Next 10′S Green Innovation Index

Publication Date
Author
Dana Hull
Source
Silicon Beat: the tech blog of the Mercury News
Year Published
2013

The 2013 “California Green Innovation Index,” released Tuesday by the nonprofit policy group Next 10, finds that jobs in the “Core Clean Economy” totaled 176,000 as of January 2011. The Bay Area, including Silicon Valley, boasts 52,555 clean energy jobs, or 30 percent of the state’s total.

The bulk of the state’s green jobs are in services, such as environmental consulting and green marketing. But green job growth can be found across clean tech sectors, from advanced materials to the smart grid.

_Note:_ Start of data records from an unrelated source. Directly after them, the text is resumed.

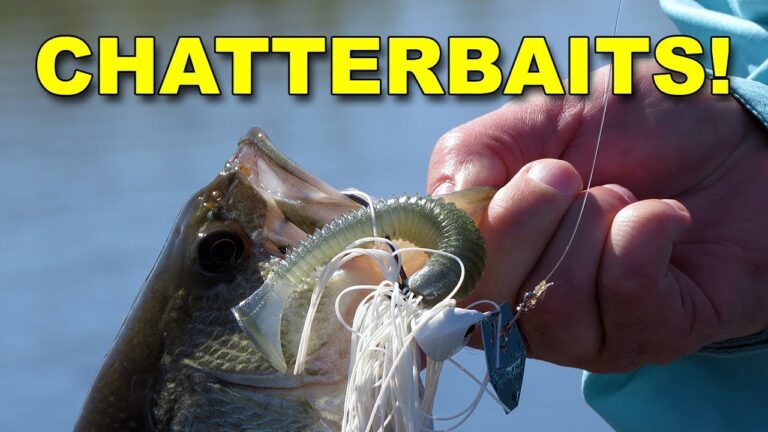 How to Use a Chatterbait for Bass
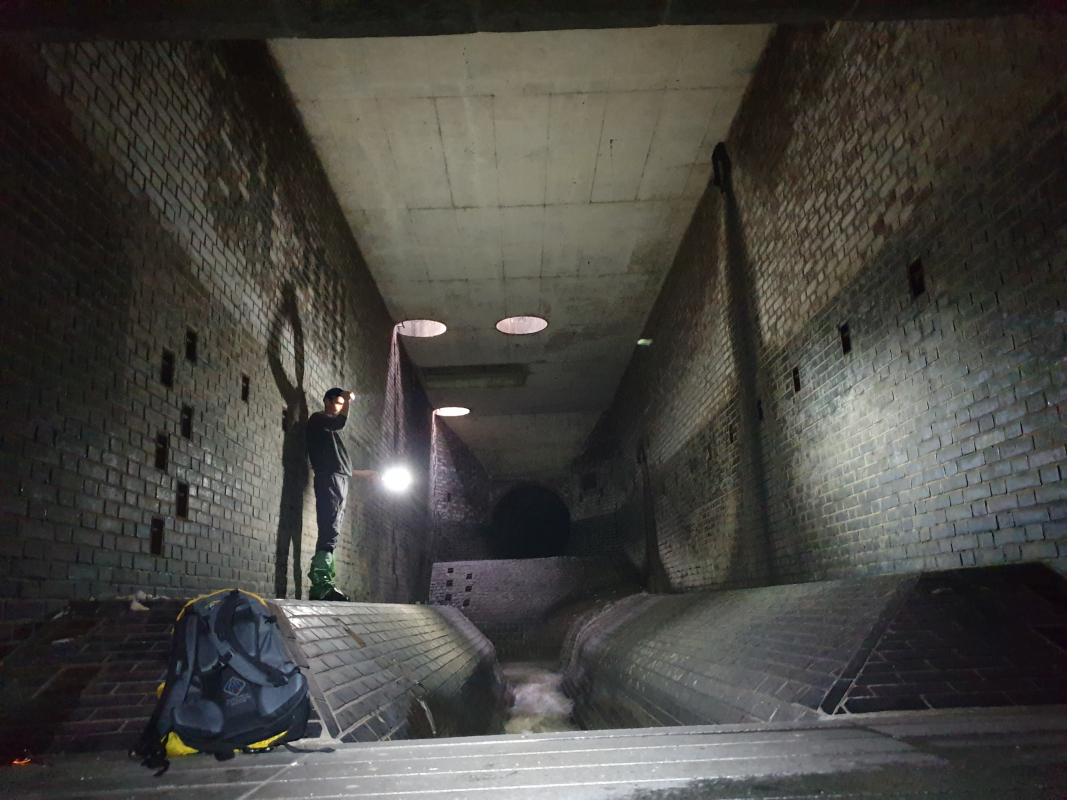 Ілюстрація до матеріалу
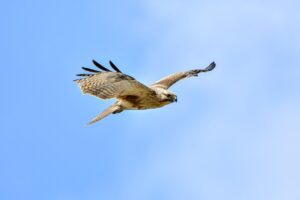 how can shotscribus software be protected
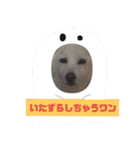 タロー君のハロウィンコスプレスタンプ（個別スタンプ：4）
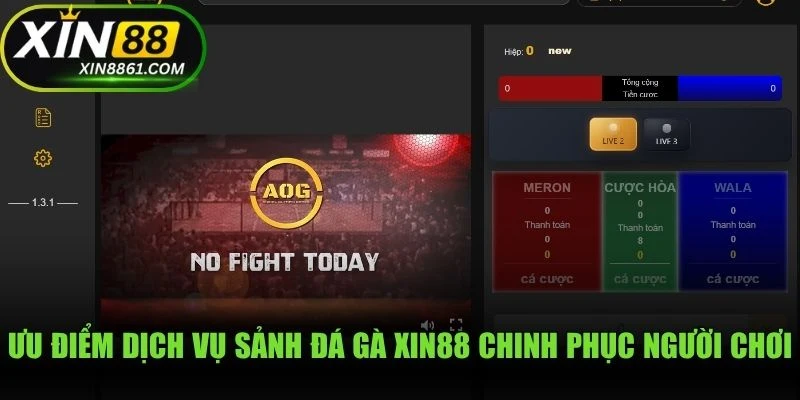 Ưu điểm dịch vụ sảnh đá gà XIN88 chinh phục người chơi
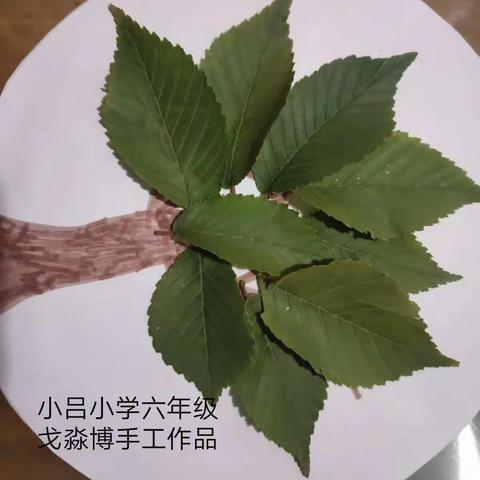 让我们一起动起手来— 七汲镇小吕小学特色劳动教育系列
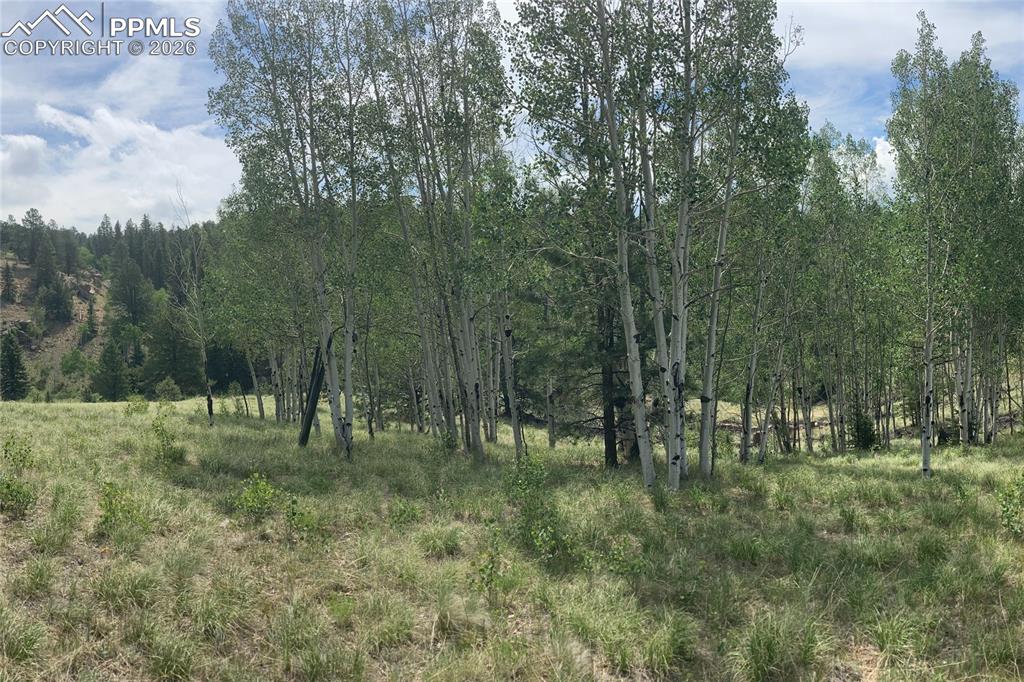 79 Beaver Creek Circle Florissant CO 80816
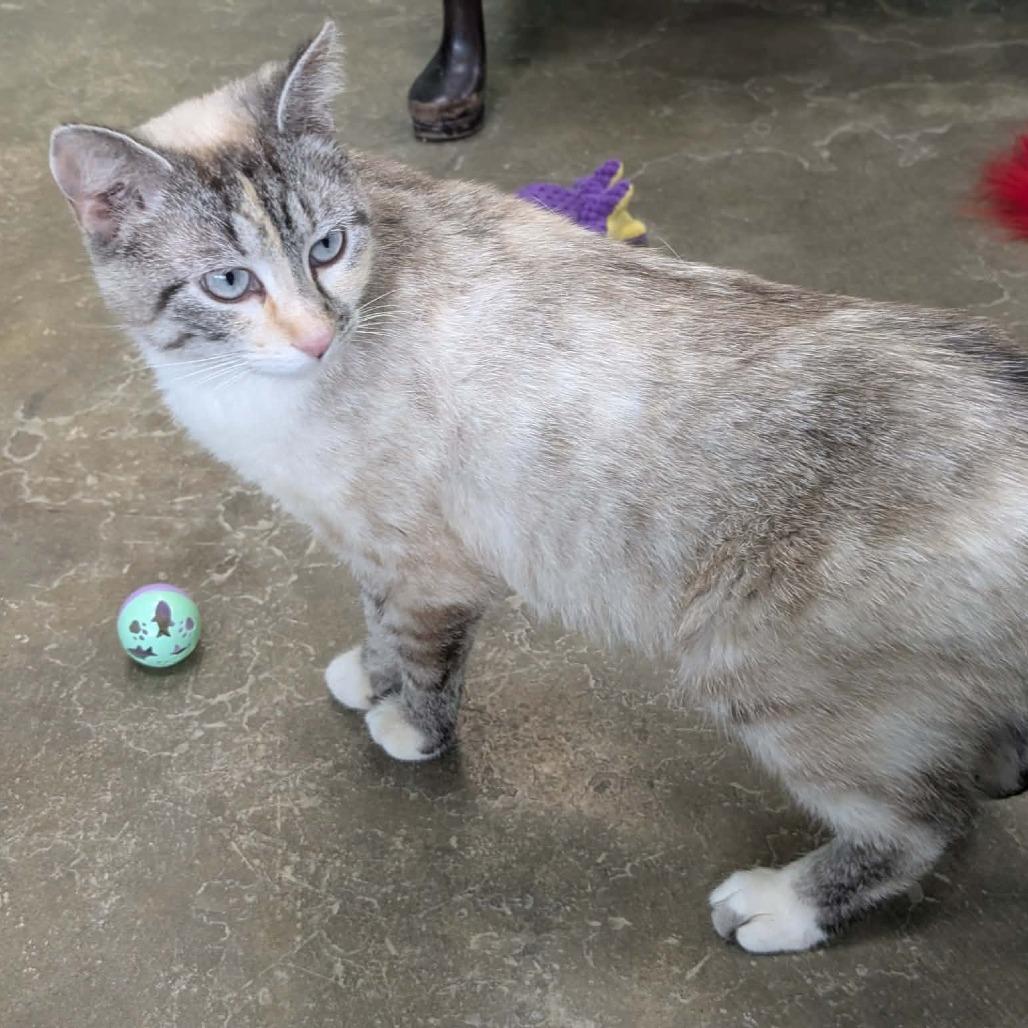 Brie, Adoptable, Adult Female Domestic Short Hair.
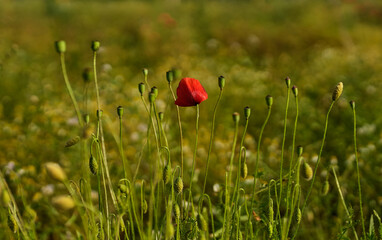 the beginning of the flowering of the poppy field before sunset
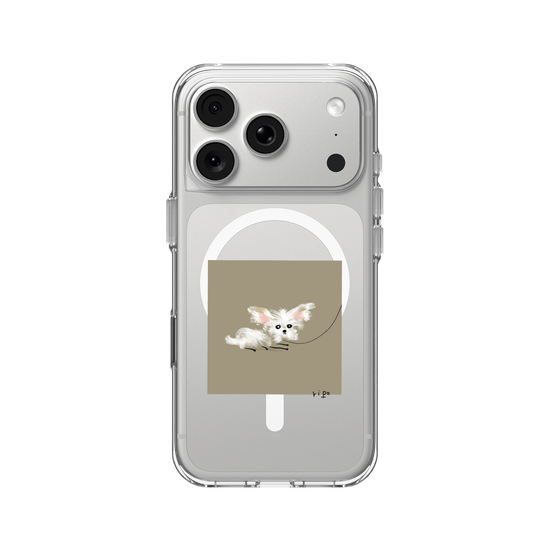 small white dog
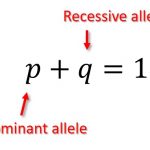 Hardy-Weinberg allele equation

“Jobs in the clean economy are at pre-recession levels,” said Doug Henton of Collaborative Economics, who prepared the report for Next 10.

Tracking green job growth can be difficult because there are several different ways to define “green jobs” and the “green economy.” Collaborative Economics defines green jobs and businesses as those that conserve energy and natural resources, reduce pollution, re-purpose waste and provide alternatives to carbon-based energy sources. The firm scours employment databases and then reached out to individual companies in an effort to quantify the actual number of jobs created.

The report also found that clean technology patent registrations in California increased by 26 percent between 2010 and 2011 and noted that while venture capital funding for clean tech is down, corporate investors are getting increasingly involved in the sector.